Może lepiej będzie jak pojadę do przyjaciółki niż schleję się w jakimś klubie, popełniając jakaś idiotyczną rzecz pewnie żałując do końca mojego życia.- pomyślałem.


- Będę za 10 minut.- rzekłem i nawet nie czekając na odpowiedź, rozłączyłem się.


I teraz rozmawiam z moją najlepszą przyjaciółką na kanapie w jej mieszkaniu, pijąc jakiś sok.


- W każdym związku jest jakiś gorszy okres, ale przetrwacie to. Dacie radę. Wierzę w was. - uśmiechnęła się delikatnie, co odwzajemniłem.


- Dziękuję Ci za wszystko.- powiedziałem spokojnie i rzuciłem się na blondynkę. Przez chwilę była zaskoczona moim krokiem, ale odwzajemniła uścisk.


- Nie dziękuj. Od tego są przyjaciele, Harry.- powiedziała do mojego ucha, a ja jeszcze bardziej ją przytuliłem.


Wielki, drewniany zegar wydał swój charakterystyczny melodyjny dźwięk, kto oznacza kolejną pełną godzinę. Oderwałem się od dziewczyny, spoglądając na tarczę przedmiotu.


21:00


Zerwałem się z miękkiej kanapy, jeszcze raz dziękując za wszystko blondynce, wybiegając z jej domu.


Przyjazd samochodem zajął mi sporo czasu, bo było strasznie dużo korków (nie wiem jakim cudem). Włożyłem i przekręciłem w prawą stronę klucz, znajdujący się w zamku drewnianych drzwi. Lekko popchnąłem, rozglądając się po salonie i kuchni. Zauważyłem dziewczynę stojącą przy blacie kuchennym, mieszającą w białej misce.
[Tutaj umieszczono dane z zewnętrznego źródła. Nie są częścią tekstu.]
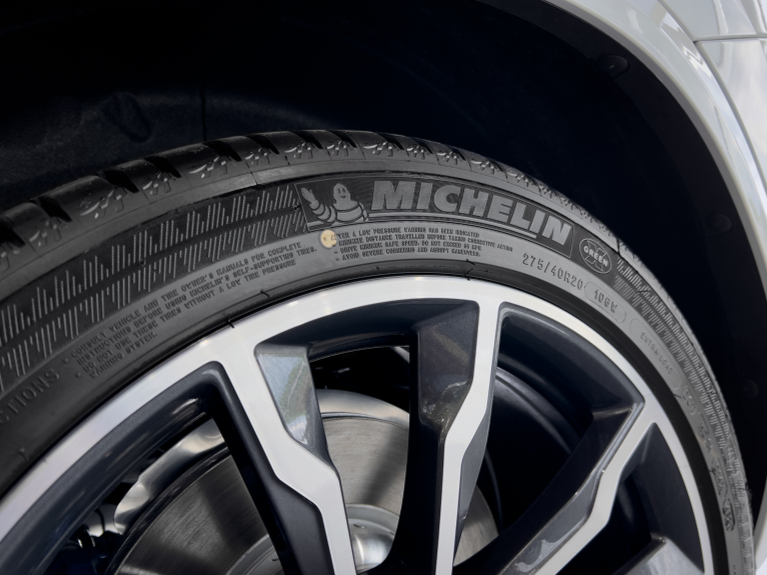 Close-up of a car tire and alloy wheel, with the Michelin brand name visible on the tire.
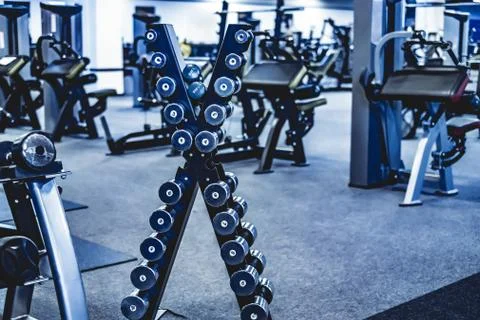 Rack with a set of dumbbells Stock Photos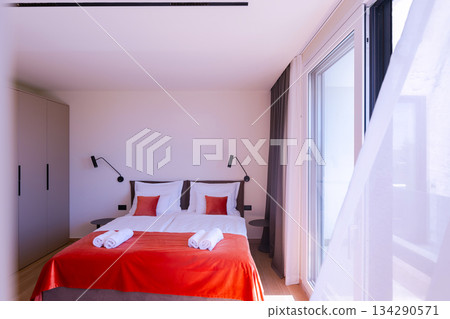 Modern open-plan living and dining room in a luxury villa with large glass doors opening to a private swimming pool, offering a spacious and elegant indoor-outdoor living experience 134290571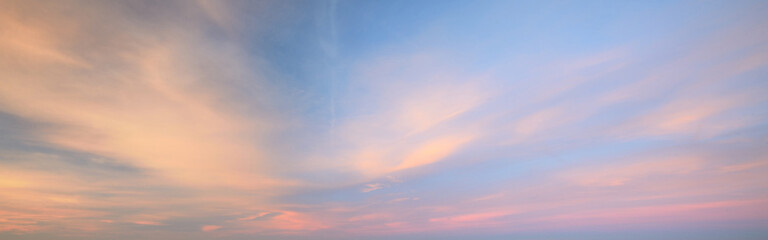 Clear blue sky with glowing clouds. Soft sunlight. Dramatic cloudscape. Concept art, meteorology, heaven, peace, graphic resources, picturesque panoramic scenery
Widać było, że jest bardzo skupiona na swojej pracy. Jej skóra nabrała blasku i koloru. Jej włosy są rozpuszczone, delikatnie opadając na ramiona, które przykrywa moja koszula w czerwono-czarną kratę sięgając jej prawie do połowy ud. Rękawy ma podwinięte do miejsca powyżej łokci, a dwa guziki ma rozpięte przez co mogę zobaczyć skórę ja jej klatce piersiowej. Na idealnych nogach leżą dopasowane jasne jeansy, przetarte w niektórych miejscach, podwinięte ukazując jej kostki.


Dziewczyna spuściła wzrok z naczynia, zauważając mnie delikatnie uśmiechając się do mojej osoby.


- Cześć kochanie.- powiedziałem spokojnie, podchodząc do wyspy kuchennej i na niej siadając.


- Hej.- opowiedziała, kładąc miskę na blacie kuchennym.


Zbliżyła się do mnie, opierając swoje ręce na moich udach i spuszczając wzrok.


- Przepraszam Cię za moje zachowanie ostatnimi tygodniami, ale po prostu źle się czułam.- jej delikatny głos dobiegał do moich uszu, a przy ostatnim słowie podniosła głowę, zatapiając się w moich oczach.


Zeskoczyłem z wyspy, łapiąc twarz dziewczyny w swoje dłonie, nie przerywając kontaktu wzrokowego. Oczy mojej ukochanej nabrały blasku, lecz można było wyczytać z nich smutek i żal.


- Ja Ciebie też bardzo przepraszam. Już jest lepiej? Następnym razem mów mi o takich rzeczach. - powiedziałem cicho, zabierając rękę z jej aksamitnej skóry twarzy, łącząc je z dłońmi szatynki i kładąc moje czoło na jej.


Pokiwała głową, a ja wyszczerzyłem się lekko.


Połączyłem nasze usta w stęsknionym pocałunku. Języki zaczęły tańczyć, próbując zdominować drugą osobę, lecz i tak wygrałem.


Po zjedzeniu ciasta przygotowanego przez moją ukochaną, postanowiliśmy obejrzeć jakiś film, jednak nie wytrwaliśmy do końca. Po kilku minutach odpłynąłem do krainy Morfeusza, trzymając w objęciach najważniejszą dla mnie istotkę.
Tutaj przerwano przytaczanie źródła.